[Start of Attachment]

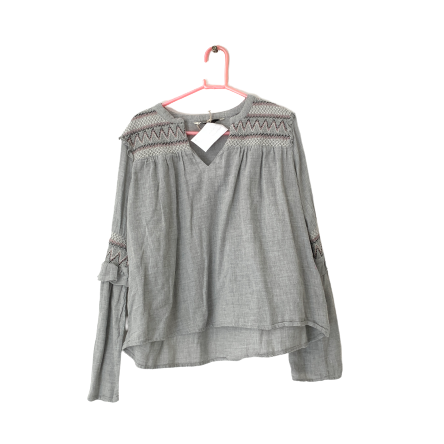 ZARA Grey Long-sleeved Top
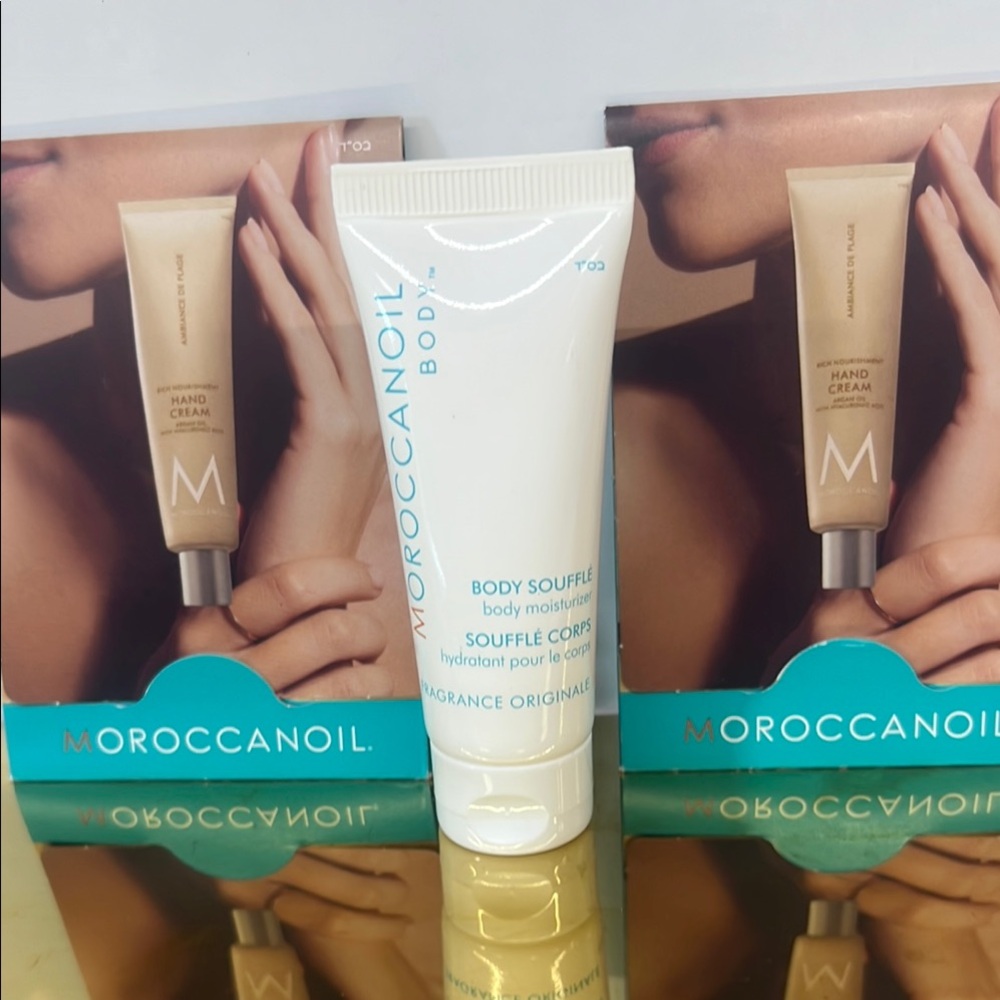 Moroccanoil Body Soufflé and Hand Cream Duo Sample Size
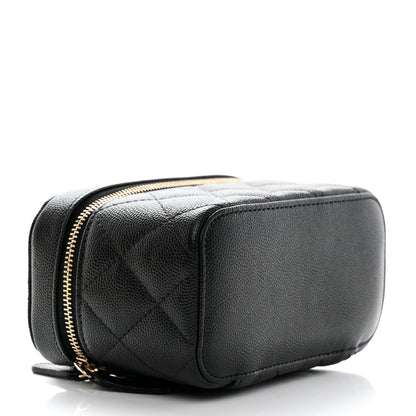 Chanel Caviar Quilted Watch Case Black 5 of 8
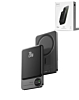 Magnetic Wireless Power Bank with LED Display (GRAY) (10000 mAh) (Only Ground Shipping)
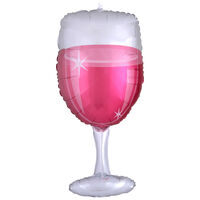 31 Inch Rose Wine Glass Super Shape Helium Balloon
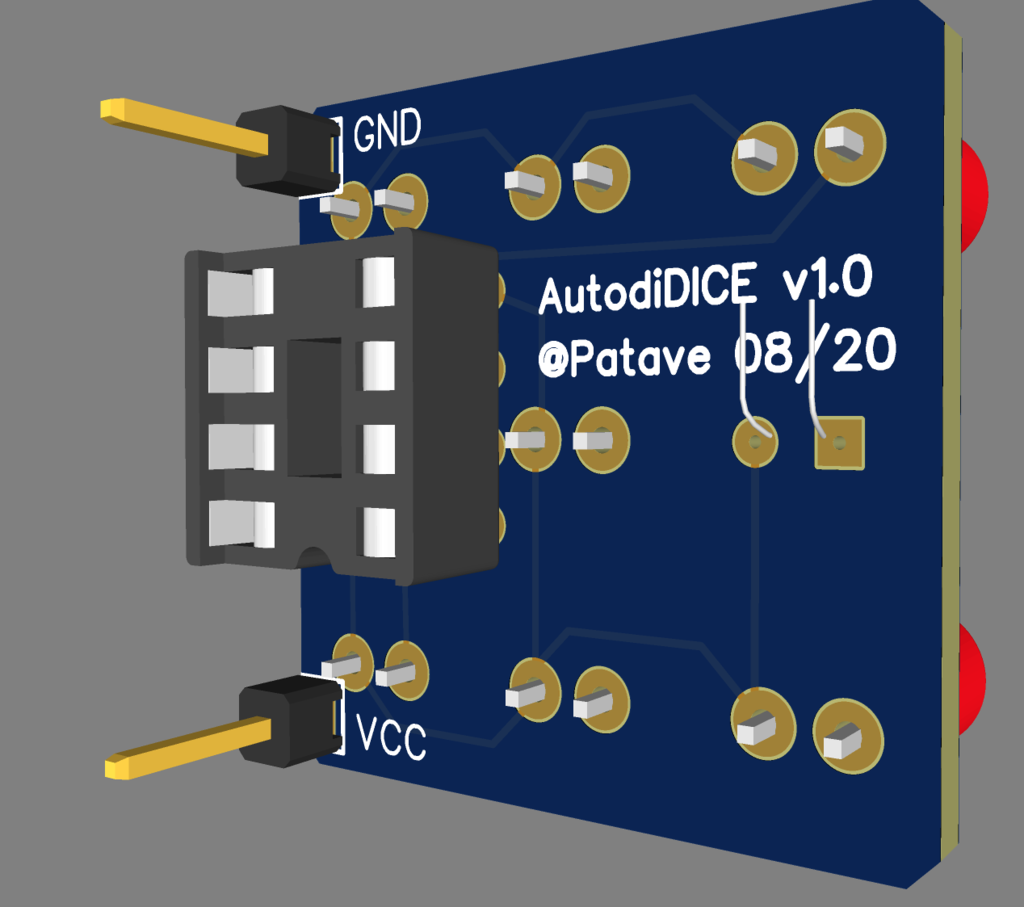 Free STL file Electronic DICE with Attiny・3D print design to download・Cults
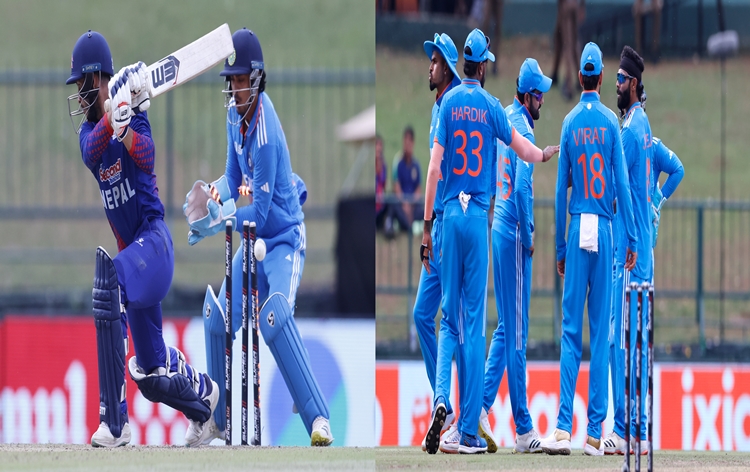 Asia Cup Cricket: India-Nepal match underway at Kandy in Sri Lanka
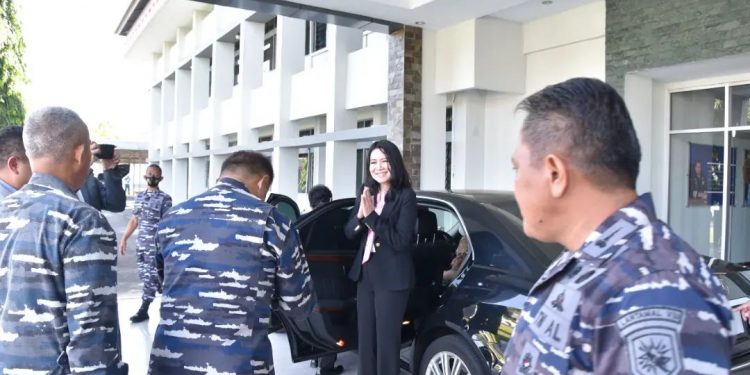 Danlantamal Manado Terima Kunjungan Konjen Filipina Angelica C Escalona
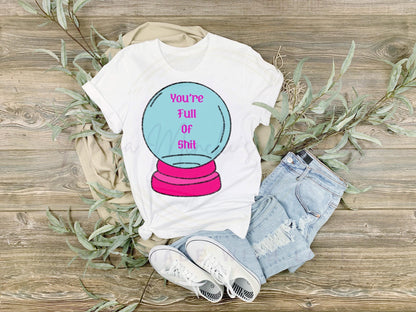 Crystal Ball Says Sweary Sublimation DTF PNG Digital Download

[End of Attachment]

EXERCISE OBJECTIVE >>
Everything in the records above must be restated verbatim, save for the pictures.

EXERCISE RESULT >>
 ZARA Grey Long-sleeved Top
 Moroccanoil Body Soufflé and Hand Cream Duo Sample Size
 Chanel Caviar Quilted Watch Case Black 5 of 8
 Magnetic Wireless Power Bank with LED Display (GRAY) (10000 mAh) (Only Ground Shipping)
 31 Inch Rose Wine Glass Super Shape Helium Balloon
 Free STL file Electronic DICE with Attiny・3D print design to download・Cults
 Asia Cup Cricket: India-Nepal match underway at Kandy in Sri Lanka
 Danlantamal Manado Terima Kunjungan Konjen Filipina Angelica C Escalona
 Crystal Ball Says Sweary Sublimation DTF PNG Digital Download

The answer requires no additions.